The 1 1/4" spindle is a heavier machine and might be a better choice. Without seeing the two machines, I wouldn't know. For cope and stick the 1" is all that is needed. A single phase motor produces more torque than a three phase motor during startup because of the extra windings the single phase motor has. The three phase motor is cheaper to make. No switching windings and no start windings. I went with three phase everything.
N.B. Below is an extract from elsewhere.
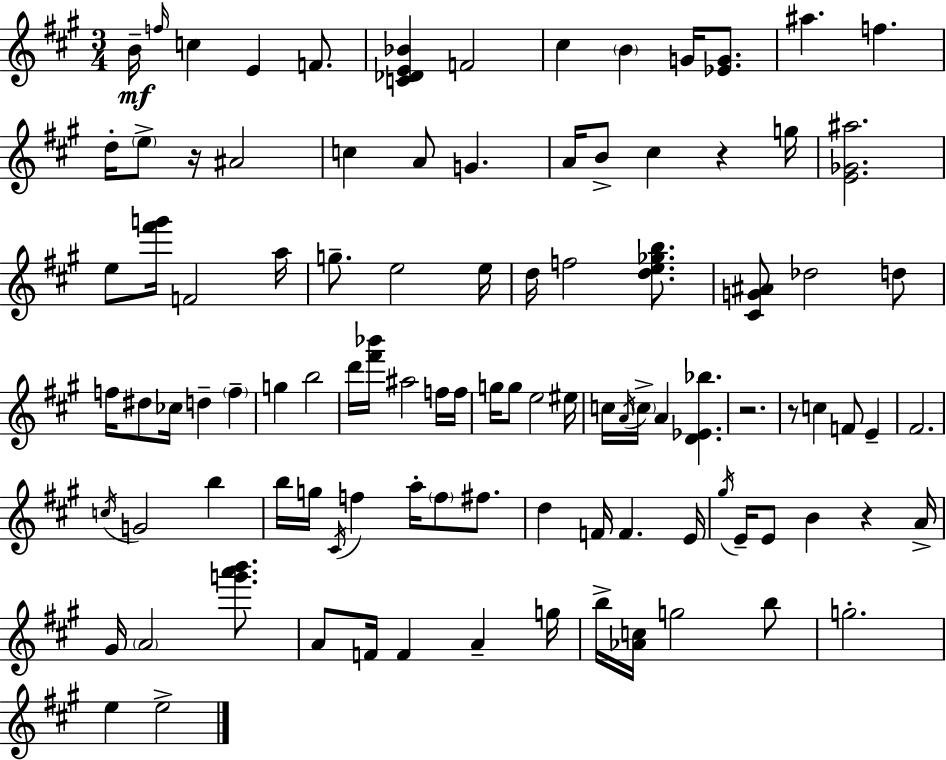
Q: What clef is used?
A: treble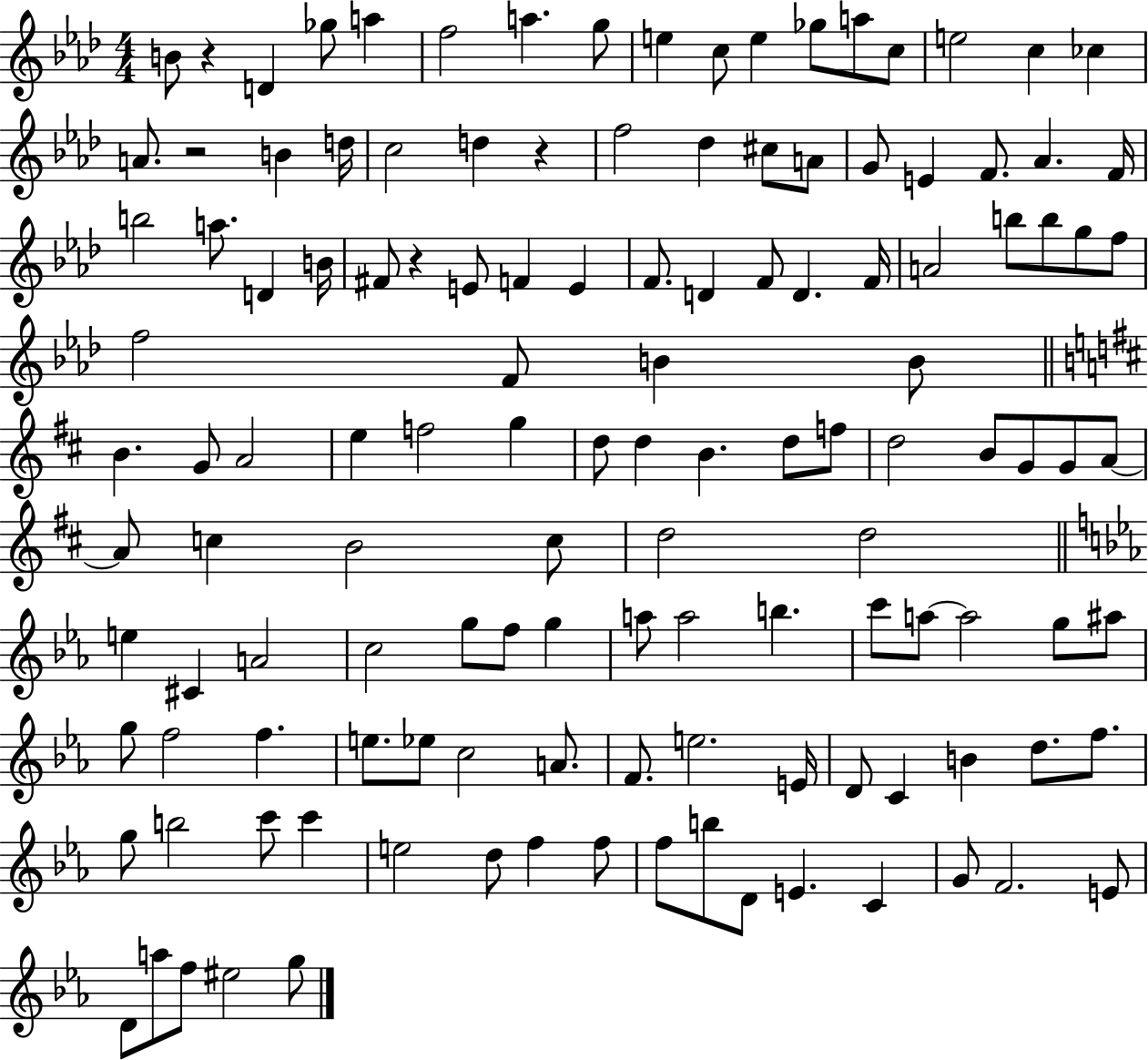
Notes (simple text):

B4/e R/q D4/q Gb5/e A5/q F5/h A5/q. G5/e E5/q C5/e E5/q Gb5/e A5/e C5/e E5/h C5/q CES5/q A4/e. R/h B4/q D5/s C5/h D5/q R/q F5/h Db5/q C#5/e A4/e G4/e E4/q F4/e. Ab4/q. F4/s B5/h A5/e. D4/q B4/s F#4/e R/q E4/e F4/q E4/q F4/e. D4/q F4/e D4/q. F4/s A4/h B5/e B5/e G5/e F5/e F5/h F4/e B4/q B4/e B4/q. G4/e A4/h E5/q F5/h G5/q D5/e D5/q B4/q. D5/e F5/e D5/h B4/e G4/e G4/e A4/e A4/e C5/q B4/h C5/e D5/h D5/h E5/q C#4/q A4/h C5/h G5/e F5/e G5/q A5/e A5/h B5/q. C6/e A5/e A5/h G5/e A#5/e G5/e F5/h F5/q. E5/e. Eb5/e C5/h A4/e. F4/e. E5/h. E4/s D4/e C4/q B4/q D5/e. F5/e. G5/e B5/h C6/e C6/q E5/h D5/e F5/q F5/e F5/e B5/e D4/e E4/q. C4/q G4/e F4/h. E4/e D4/e A5/e F5/e EIS5/h G5/e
There are several advantages of 3-phase motors. First, as already mentioned, is cost, as they are typically much less expensive to make. Second - and the more important issue in industry - is current draw. Basically it comes down to the same amount of current being drawn through 3 legs on a 3-phase motor versus 2 legs on a single phase motor. This means you can use a smaller gauge wire to the motor. There is no electrical cost savings as the net result of drawing 5 hp worth of current is always the same. You can just use larger motors with smaller wires and breakers.
You state that you have both power options available. If you have 3-phase direct to your building, then the single phase motor will probably be running on 208 volts instead of 220 (or 230 or 240). That is done all the time but I believe there will be a slight increase in current draw to the motor.
If you are running a rotary converter on a single phase service, then you will have full power to the 3-phase motor as long as it is a properly built converter. If you are running 3-phase off single phase with a static converter then you will only have approximately 2/3 of the actual motor rating power.
Not knowing your actual building service situation, and so ignoring the power issues, I would go with the 1 1/4" spindle unit. If they are both equally well built machines, the one with the 1 1/4" spindle will be heavier duty since it has to support the larger spindle. And the larger spindle itself is significantly stronger. Also I think you'll find most shaper cutters either come as 3/4" or 1 1/4" bore, so why bother bushing it down if you don't have to?
I'm also not a fan of using bushings if not needed. I couldn't see buying a smaller machine knowing I'd be using bushings for everything... Just doesn't make a lot of sense to me.